-- Dataset entries follows --
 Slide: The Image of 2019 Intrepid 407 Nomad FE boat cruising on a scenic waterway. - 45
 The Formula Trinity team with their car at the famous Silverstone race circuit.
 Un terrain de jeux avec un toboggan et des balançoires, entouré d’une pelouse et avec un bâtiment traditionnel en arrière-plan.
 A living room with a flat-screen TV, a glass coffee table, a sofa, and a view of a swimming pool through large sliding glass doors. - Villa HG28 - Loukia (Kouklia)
-- Dataset entries concluded --
-- Dataset entries follows --
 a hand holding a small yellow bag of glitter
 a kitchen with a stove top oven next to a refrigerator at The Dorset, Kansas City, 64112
-- Dataset entries concluded --
-- Dataset entries follows --
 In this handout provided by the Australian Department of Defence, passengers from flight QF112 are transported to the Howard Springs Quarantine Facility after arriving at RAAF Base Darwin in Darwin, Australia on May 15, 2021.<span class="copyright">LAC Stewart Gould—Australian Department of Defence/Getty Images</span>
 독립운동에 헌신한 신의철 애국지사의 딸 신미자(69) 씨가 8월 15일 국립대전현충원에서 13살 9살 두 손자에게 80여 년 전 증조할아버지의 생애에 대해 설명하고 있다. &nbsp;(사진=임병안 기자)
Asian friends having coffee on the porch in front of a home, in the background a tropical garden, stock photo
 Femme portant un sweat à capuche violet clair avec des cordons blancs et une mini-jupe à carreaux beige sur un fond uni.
-- Dataset entries concluded --
What you need to do | The expected answer is an exact copy of the lines above, beginning at the line with "In this handout" and ending at the line with "Femme portant un", with both ends in.

Solution for this task |
 In this handout provided by the Australian Department of Defence, passengers from flight QF112 are transported to the Howard Springs Quarantine Facility after arriving at RAAF Base Darwin in Darwin, Australia on May 15, 2021.<span class="copyright">LAC Stewart Gould—Australian Department of Defence/Getty Images</span>
 독립운동에 헌신한 신의철 애국지사의 딸 신미자(69) 씨가 8월 15일 국립대전현충원에서 13살 9살 두 손자에게 80여 년 전 증조할아버지의 생애에 대해 설명하고 있다. &nbsp;(사진=임병안 기자)
Asian friends having coffee on the porch in front of a home, in the background a tropical garden, stock photo
 Femme portant un sweat à capuche violet clair avec des cordons blancs et une mini-jupe à carreaux beige sur un fond uni.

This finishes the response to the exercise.